You can get one 200ah or 300ah LFP a lot cheaper than 2 separate batteries and then only need one fuse and cable etc but think about redundancy and if the loss of the house battery would be a major problem ... If so then spend a bit more for two separate LFP. But as Geem says, basically fuse the LFP properly, make sure there is a rotary cut off switch of suitable size for the battery and run + and - to separate busbars and connect the charge sources to those bus bars.

Maybe check out Will Prowse' channel on U-tube to se if there is a review of your chosen LFP brand - there are many and some well known brands I could never recommend based on experience fitting so many of these things
 
In this situation (almost exactly the same, down to the engine!) we fitted 1 300Ah Fogstar Drift battery. I had to cut the plastic handles off to fit it in the box but totally worth it given the huge capacity boost. This also gave me space in the battery box to add fuse and a couple of other components as I only have one battery where before there were two.
Adding in a B2B later is pretty easy and cheap, just don't forget to remove any VSR or split charge relay currently fitted (MD2040 usually has a relay, mine for some reason had both!)
Beware of larger alternators, heat will potentially limit output anyway. We get ~30A from ours on the MD2040 despite the higher rating.
 
I guess if I went with the marginally cheaper option of one big Lithium then for emergency redundancy I could just have a changeover switch to the 100ah engine start battery
Most of the things that would take one lithium battery offline would take both of them offline: i.e. low voltage, over current.
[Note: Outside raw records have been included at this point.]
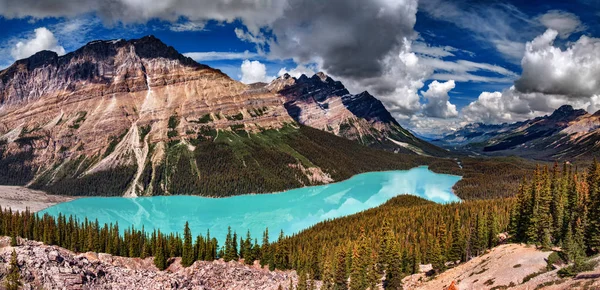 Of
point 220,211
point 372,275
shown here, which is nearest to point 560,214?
point 372,275

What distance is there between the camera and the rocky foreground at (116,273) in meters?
51.2

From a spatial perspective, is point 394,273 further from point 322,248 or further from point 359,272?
point 322,248

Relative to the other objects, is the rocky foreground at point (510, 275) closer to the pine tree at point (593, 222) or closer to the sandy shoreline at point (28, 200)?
the pine tree at point (593, 222)

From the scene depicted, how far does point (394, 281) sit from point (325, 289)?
Result: 10964 mm

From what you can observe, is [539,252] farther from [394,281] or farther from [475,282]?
[394,281]

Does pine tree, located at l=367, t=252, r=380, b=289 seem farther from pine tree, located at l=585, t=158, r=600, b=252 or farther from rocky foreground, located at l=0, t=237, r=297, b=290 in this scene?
pine tree, located at l=585, t=158, r=600, b=252

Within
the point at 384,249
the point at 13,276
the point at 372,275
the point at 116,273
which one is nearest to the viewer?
the point at 13,276

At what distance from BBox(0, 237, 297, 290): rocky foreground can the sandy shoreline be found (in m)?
114

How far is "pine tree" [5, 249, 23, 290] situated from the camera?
1842 inches

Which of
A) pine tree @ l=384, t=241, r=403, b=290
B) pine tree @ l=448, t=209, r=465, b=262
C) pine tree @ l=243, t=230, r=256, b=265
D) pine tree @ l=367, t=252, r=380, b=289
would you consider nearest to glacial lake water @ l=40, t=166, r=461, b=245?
pine tree @ l=243, t=230, r=256, b=265

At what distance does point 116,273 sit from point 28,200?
14757cm

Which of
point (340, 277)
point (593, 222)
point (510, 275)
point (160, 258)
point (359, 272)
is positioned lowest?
point (340, 277)

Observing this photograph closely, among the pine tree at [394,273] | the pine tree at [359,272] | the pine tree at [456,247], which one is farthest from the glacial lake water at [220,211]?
the pine tree at [394,273]

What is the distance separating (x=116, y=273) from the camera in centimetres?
6112
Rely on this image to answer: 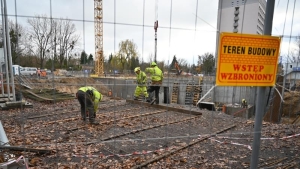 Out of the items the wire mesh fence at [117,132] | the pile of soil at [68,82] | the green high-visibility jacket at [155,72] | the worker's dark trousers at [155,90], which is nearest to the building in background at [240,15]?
the wire mesh fence at [117,132]

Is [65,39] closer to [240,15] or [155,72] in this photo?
[240,15]

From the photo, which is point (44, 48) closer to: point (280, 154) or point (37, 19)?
point (37, 19)

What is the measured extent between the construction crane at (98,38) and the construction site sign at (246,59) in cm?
134

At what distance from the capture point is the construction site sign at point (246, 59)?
1.74 meters

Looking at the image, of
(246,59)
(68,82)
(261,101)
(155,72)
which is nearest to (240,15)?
(246,59)

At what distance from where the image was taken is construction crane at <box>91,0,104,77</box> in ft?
7.52

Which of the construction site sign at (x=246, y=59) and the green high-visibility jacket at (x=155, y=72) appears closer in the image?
the construction site sign at (x=246, y=59)

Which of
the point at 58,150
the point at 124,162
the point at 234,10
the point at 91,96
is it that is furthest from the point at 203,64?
the point at 91,96

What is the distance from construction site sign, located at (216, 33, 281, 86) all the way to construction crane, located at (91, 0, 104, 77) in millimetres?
1338

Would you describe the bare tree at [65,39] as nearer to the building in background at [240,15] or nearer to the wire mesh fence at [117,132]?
the wire mesh fence at [117,132]

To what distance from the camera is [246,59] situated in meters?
1.79

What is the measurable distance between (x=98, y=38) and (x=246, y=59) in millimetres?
1607

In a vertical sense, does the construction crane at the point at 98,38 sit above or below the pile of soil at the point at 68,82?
above

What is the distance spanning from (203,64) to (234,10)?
1025 mm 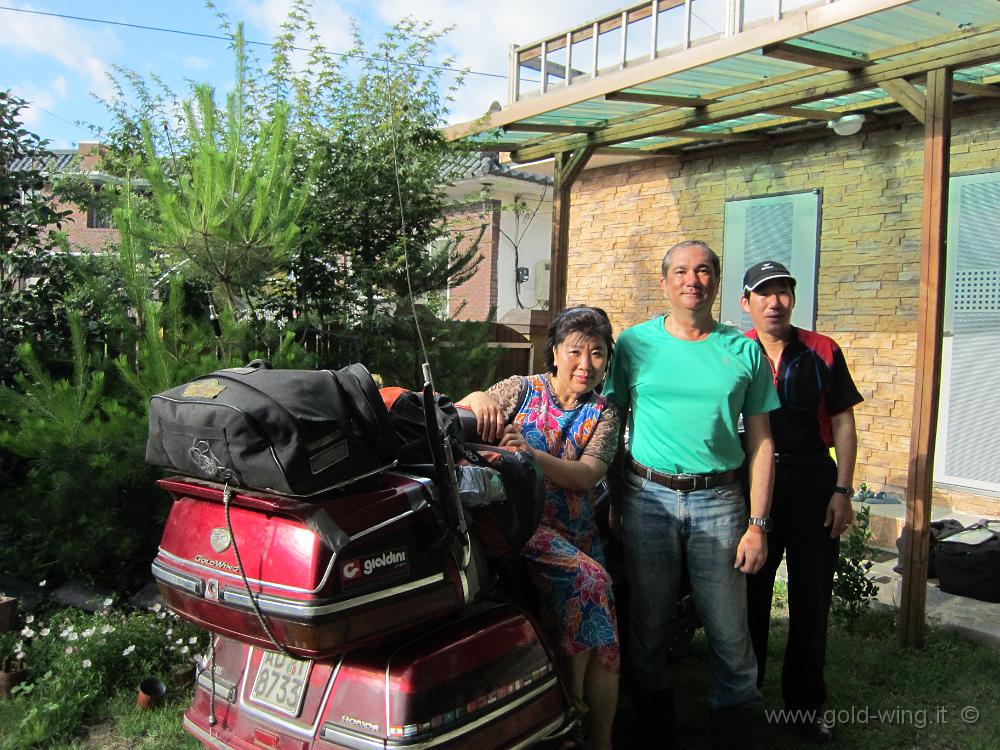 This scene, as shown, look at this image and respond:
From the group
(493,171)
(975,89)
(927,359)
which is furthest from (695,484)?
Result: (493,171)

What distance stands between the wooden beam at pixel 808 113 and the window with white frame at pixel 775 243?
1047mm

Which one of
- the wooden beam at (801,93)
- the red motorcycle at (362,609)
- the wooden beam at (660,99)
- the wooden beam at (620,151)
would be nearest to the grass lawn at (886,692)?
the red motorcycle at (362,609)

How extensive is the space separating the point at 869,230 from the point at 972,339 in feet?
4.02

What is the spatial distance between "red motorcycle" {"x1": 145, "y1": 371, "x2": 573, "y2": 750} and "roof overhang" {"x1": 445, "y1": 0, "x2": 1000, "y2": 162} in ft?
9.64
A single lithium battery and some form of changeover to the start battery sounds like a good plan. But it would be best, IMHO, if you make it so that you can't put them in parallel.
 
Most of the things that would take one lithium battery offline would take both of them offline: i.e. low voltage, over current.

A single lithium battery and some form of changeover to the start battery sounds like a good plan. But it would be best, IMHO, if you make it so that you can't put them in parallel.
I guess some kind of 'break before make' changeover switch/breaker
 
I would not fit 2 batteries, i'd pay the little extra and have a Fogstar Drift, rather than Eco-Worthy. Connect that to a fuse, then the isolator, then to the domestic systems. Connect the solar directly to the LFP, same with the mains charger, use Victron for both, generally more configurable and have Bluetooth.

Keep the engine separate, with it's own isolator, if you find you need it you can easily add a DC-DC charger later, Victron again.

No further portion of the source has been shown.